Outra vez a Terapeuta aguardava com a porta do consultório aberta a chegada do próximo cliente. Ela detestava ter que fazer isto porque considerava que sua sala deveria ser algo mais reservado. Simbolicamente, o consultório é quase um útero, diria Jung. Então ali estava a Dra., com seu útero aberto, tudo por causa da secretária. Desde que um caranguejo chama-maré com síndrome da hiperatividade beliscara a secretária a ponto de arrancar-lhe a carne, haviam as duas acertado que em dia de consulta daquele ou outros crustáceos a secretária não compareceria. O cliente de hoje era, de fato, um quelicerado, mas a Dra desistiu de discutir os detalhes taxonômicos com a funcionária e a liberou.

A criatura que saiu do elevador mais parecia uma dessas semi-esferas usadas para separar duas pistas seguida de um rabinho triangular esquisito. Arrastava-se com dificuldade desde o paleozóico até o presente, consultório adentro.

limulos.png

Umas fiéis (abaixo) outras se divertem(acima)
Fonte: Searcy & Barret, 2010, Animal Behaviour

-Bom dia, Sra. Límula. Seja bem vinda. Como vão seus 54208 filhos? – Saudou-a a psicanalista.

-Bom dia, doutora. Veja, agora já são 115892, mas não tenho muitas notícias deles. A última vez que os vi foi na forma de ovinhos pela areia da praia.

-Huh! Compreendo. E o que me conta hoje? – Perguntou a analista ajudando a cliente, que media 30 cm, a subir no divã.

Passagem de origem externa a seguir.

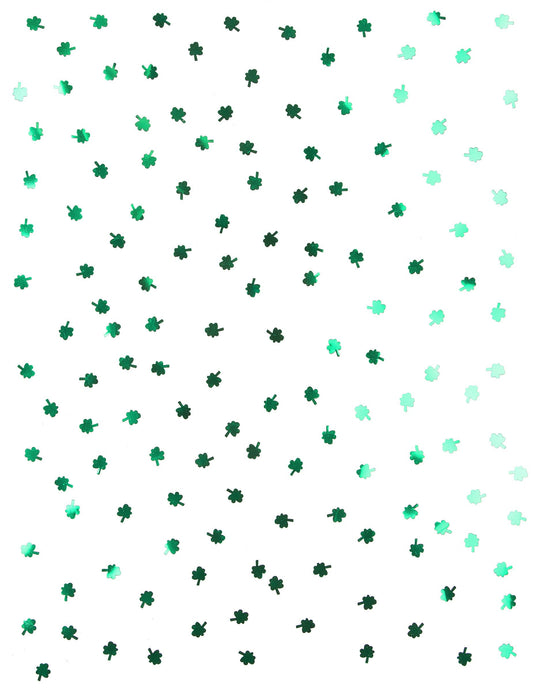 Gros plan sur la répartition des confettis trèfles St Patrick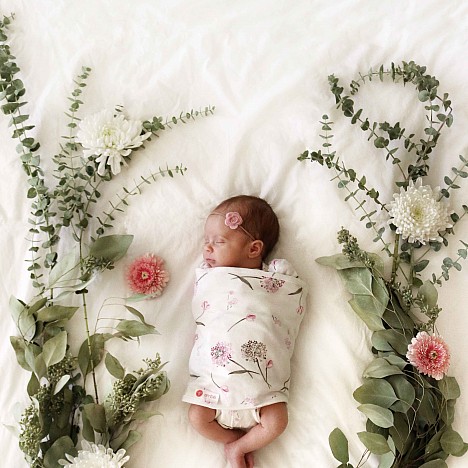 Embe® Flower Classic 2-Way Swaddle™ in Pink | Bed Bath & Beyond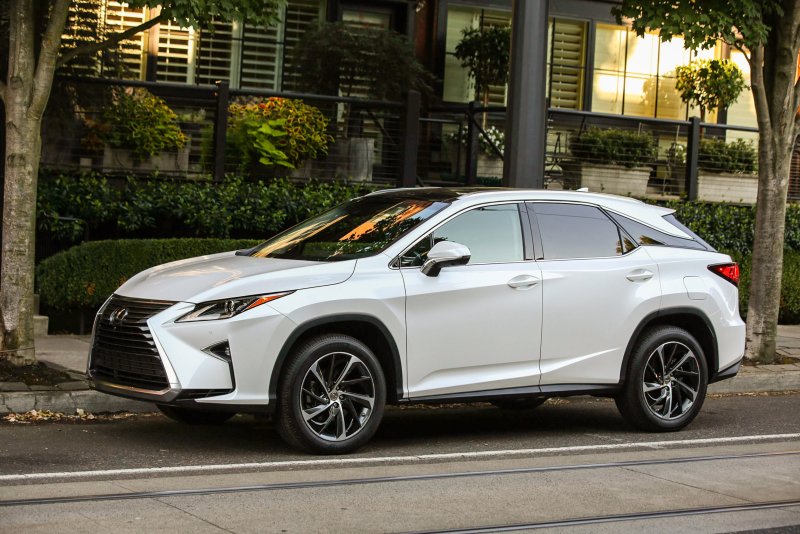 Ảnh chụp ngoại thất Lexus RX350 đẹp lung linh 10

-Ah, doutora, a estação tem sido ótima. Acabamos de ter uma maré alta perfeita, o amor estava por todos os lados, as águas tépidas. A sra. já esteve no México na primavera? Tudo é tão bonito lá, as praias têm areias brancas e águas azuis…

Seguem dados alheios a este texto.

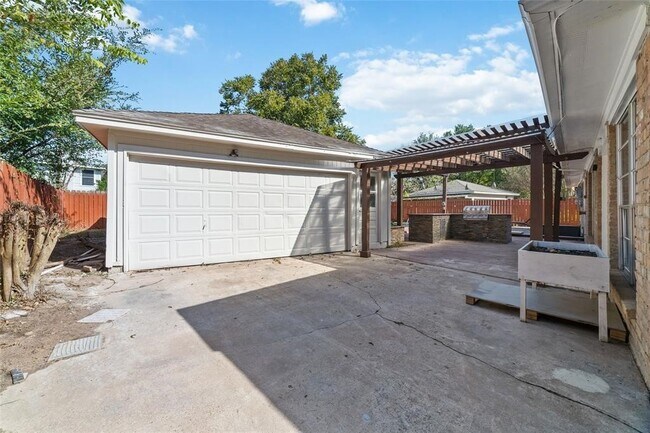 Building Photo - 22122 Woodrose Dr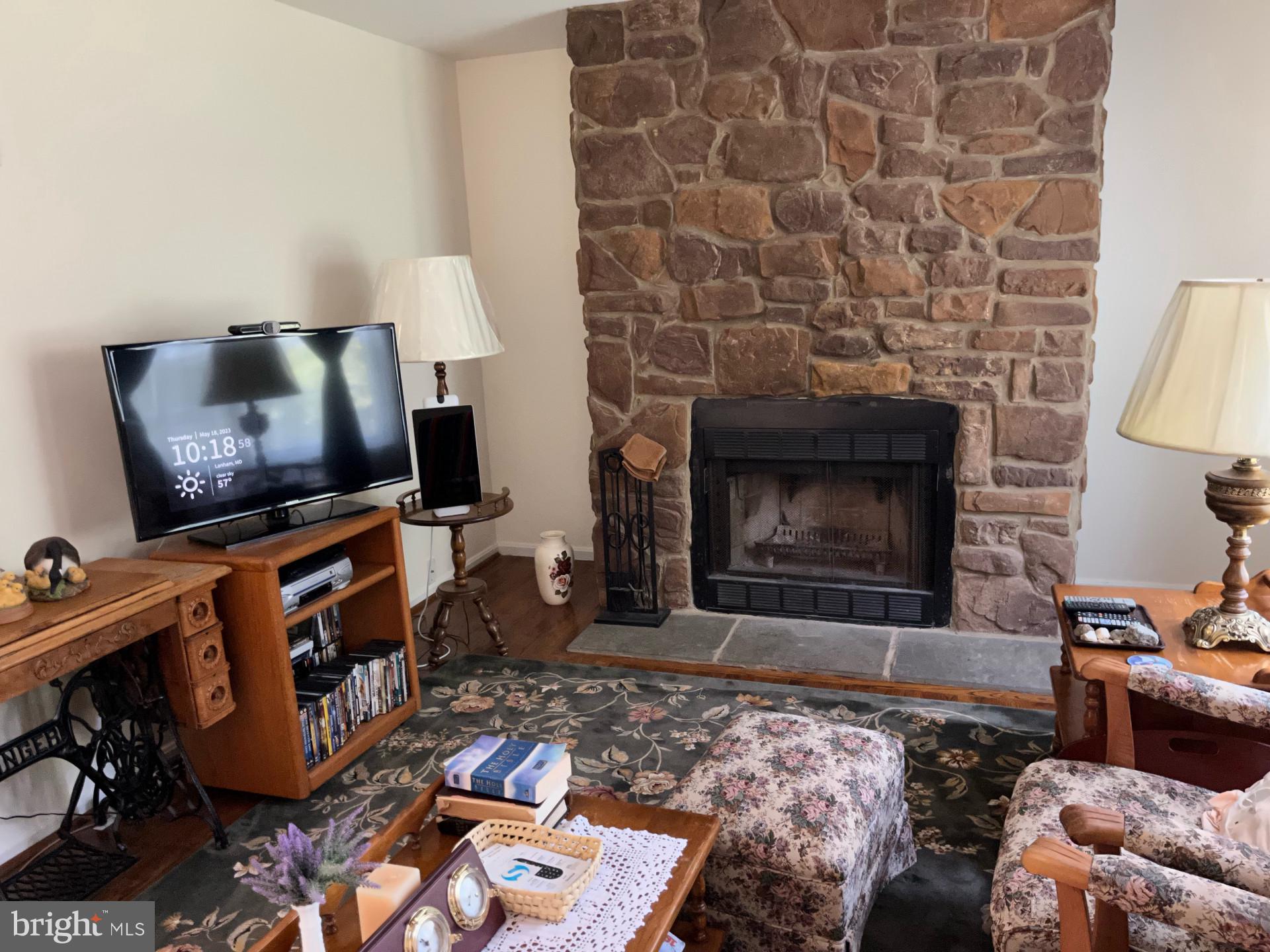 6817 Kerman Road Lanham, MD 20706 - Photo 15 of 39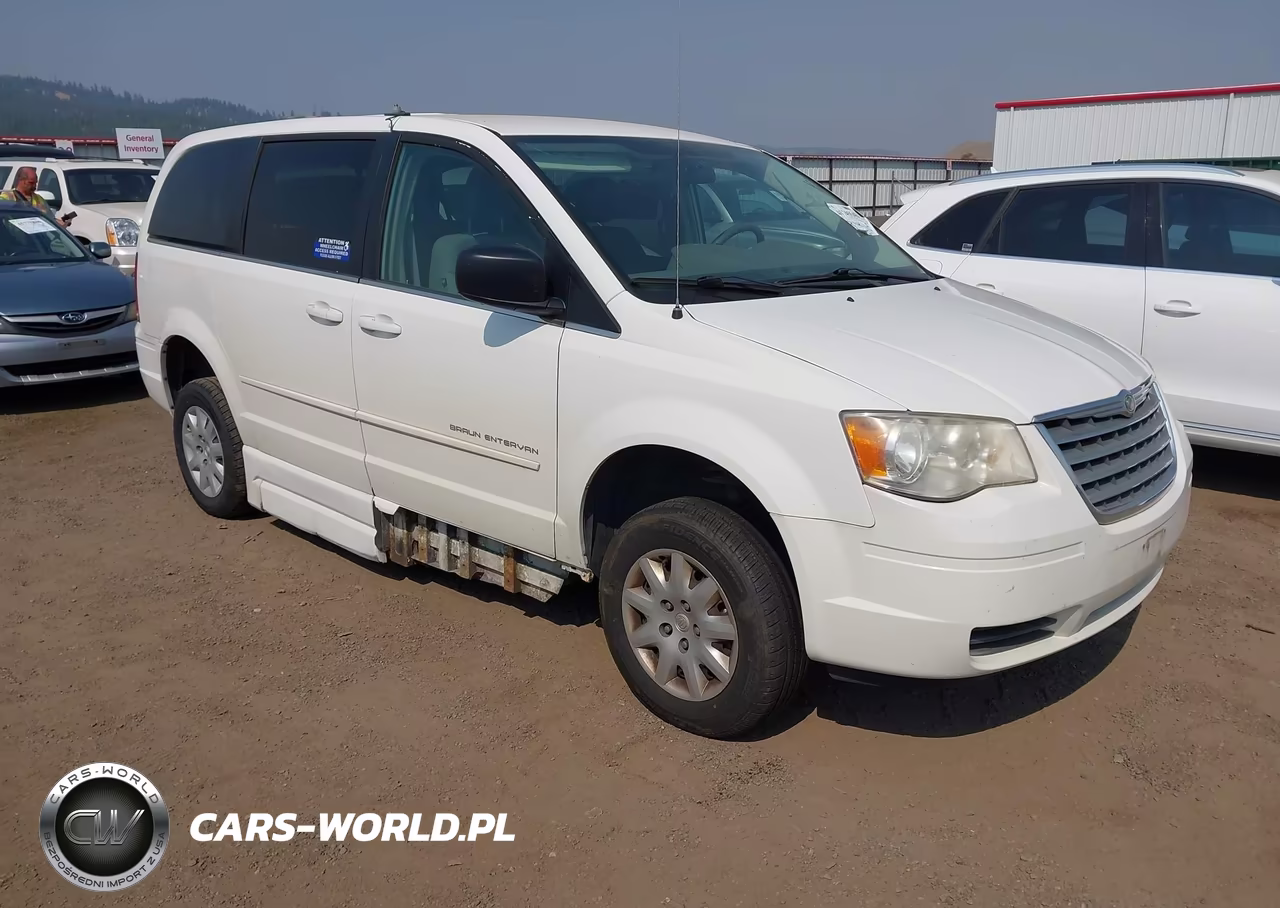 2009 Chrysler Town & Country Lx VIN:2A8HR44E79R570045 - 1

-Sra. Límula, a senhora não veio aqui conversar sobre o México. Por que não corta o papo e vai direto ao assunto que está tentando evitar? – Disse a analista em um tom paciente, mas assertivo.

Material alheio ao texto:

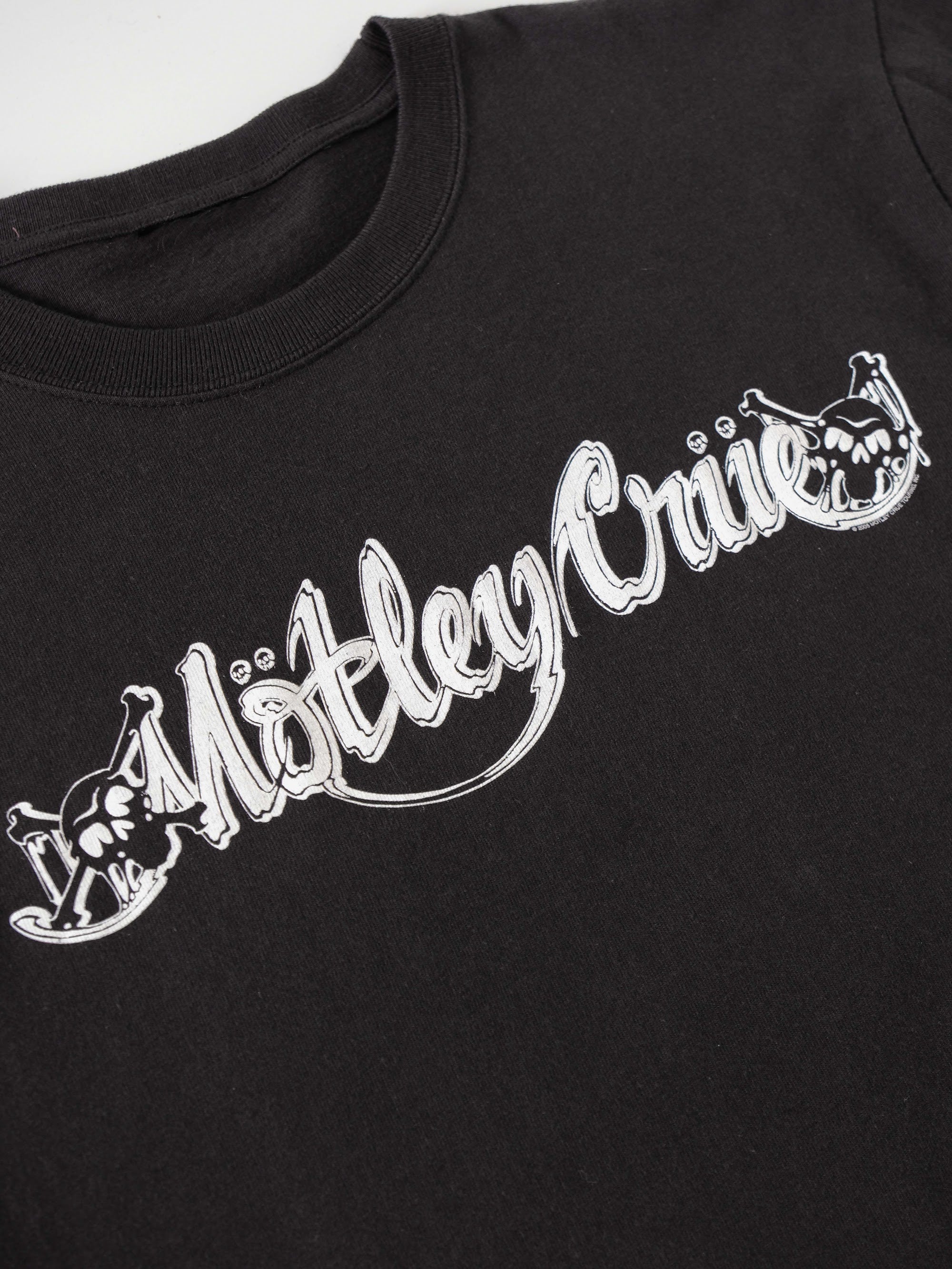 VINTAGE BLACK " MOTLEY CRUE " T-SHIRT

A cliente afundou no divã, seus olhos compostos eram duas bolinhas negras de tristeza.

-Tem razão. É que aconteceu uma coisa essa última maré alta. A caminho da praia eu conheci meu marido. Nos encontramos, conversamos e ele era um macho maravilhoso, tinha uma pegada firme, me fez sentir segura com ele. Passamos meses pareados na orla esperando pela maré certa e a espera foi perfeita, nosso amor só crescia.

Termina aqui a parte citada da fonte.